Pictures in the listing below are skipped, while the lines from the "Với đèn chùm" line through the "a bedroom with" line are returned word for word.

---------- DATA ----------

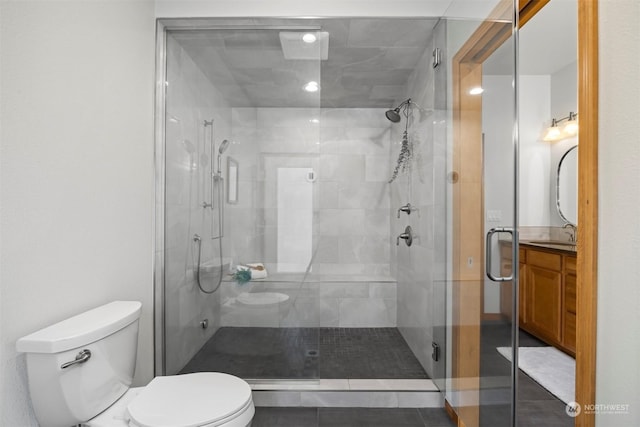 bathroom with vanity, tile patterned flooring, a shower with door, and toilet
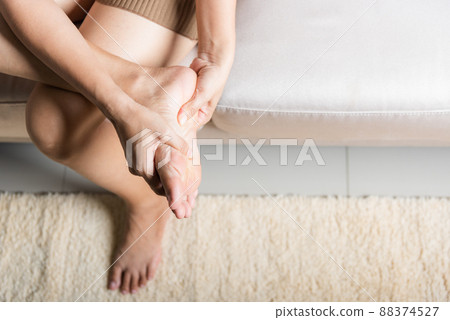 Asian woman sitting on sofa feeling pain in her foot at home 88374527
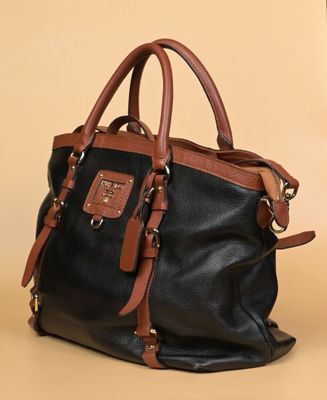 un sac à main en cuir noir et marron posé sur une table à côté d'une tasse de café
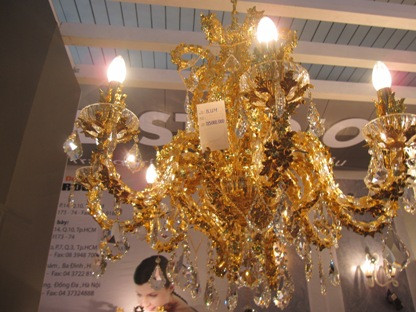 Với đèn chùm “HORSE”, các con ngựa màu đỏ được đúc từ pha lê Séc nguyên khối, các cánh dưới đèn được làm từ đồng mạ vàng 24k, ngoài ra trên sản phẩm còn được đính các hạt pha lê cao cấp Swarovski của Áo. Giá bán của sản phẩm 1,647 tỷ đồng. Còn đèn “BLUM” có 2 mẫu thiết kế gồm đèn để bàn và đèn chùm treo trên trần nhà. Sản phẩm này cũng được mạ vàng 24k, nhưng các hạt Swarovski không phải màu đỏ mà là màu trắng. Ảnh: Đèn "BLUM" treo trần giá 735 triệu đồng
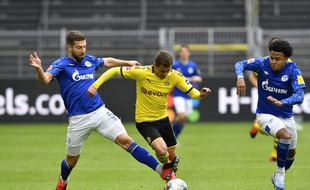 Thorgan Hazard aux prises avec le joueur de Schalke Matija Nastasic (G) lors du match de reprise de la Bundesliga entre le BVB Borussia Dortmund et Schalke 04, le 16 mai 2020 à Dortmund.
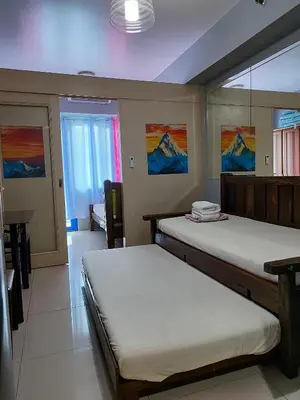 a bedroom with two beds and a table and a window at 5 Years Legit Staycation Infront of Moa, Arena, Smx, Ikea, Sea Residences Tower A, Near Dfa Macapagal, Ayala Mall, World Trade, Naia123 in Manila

----------
---------- DATA ----------

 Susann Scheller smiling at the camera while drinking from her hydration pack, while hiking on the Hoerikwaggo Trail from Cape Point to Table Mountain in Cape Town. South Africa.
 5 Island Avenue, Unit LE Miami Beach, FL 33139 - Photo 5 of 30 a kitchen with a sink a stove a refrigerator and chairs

----------

- _EXERCISE SOLUTION_
 Với đèn chùm “HORSE”, các con ngựa màu đỏ được đúc từ pha lê Séc nguyên khối, các cánh dưới đèn được làm từ đồng mạ vàng 24k, ngoài ra trên sản phẩm còn được đính các hạt pha lê cao cấp Swarovski của Áo. Giá bán của sản phẩm 1,647 tỷ đồng. Còn đèn “BLUM” có 2 mẫu thiết kế gồm đèn để bàn và đèn chùm treo trên trần nhà. Sản phẩm này cũng được mạ vàng 24k, nhưng các hạt Swarovski không phải màu đỏ mà là màu trắng. Ảnh: Đèn "BLUM" treo trần giá 735 triệu đồng
 Thorgan Hazard aux prises avec le joueur de Schalke Matija Nastasic (G) lors du match de reprise de la Bundesliga entre le BVB Borussia Dortmund et Schalke 04, le 16 mai 2020 à Dortmund.
 a bedroom with two beds and a table and a window at 5 Years Legit Staycation Infront of Moa, Arena, Smx, Ikea, Sea Residences Tower A, Near Dfa Macapagal, Ayala Mall, World Trade, Naia123 in Manila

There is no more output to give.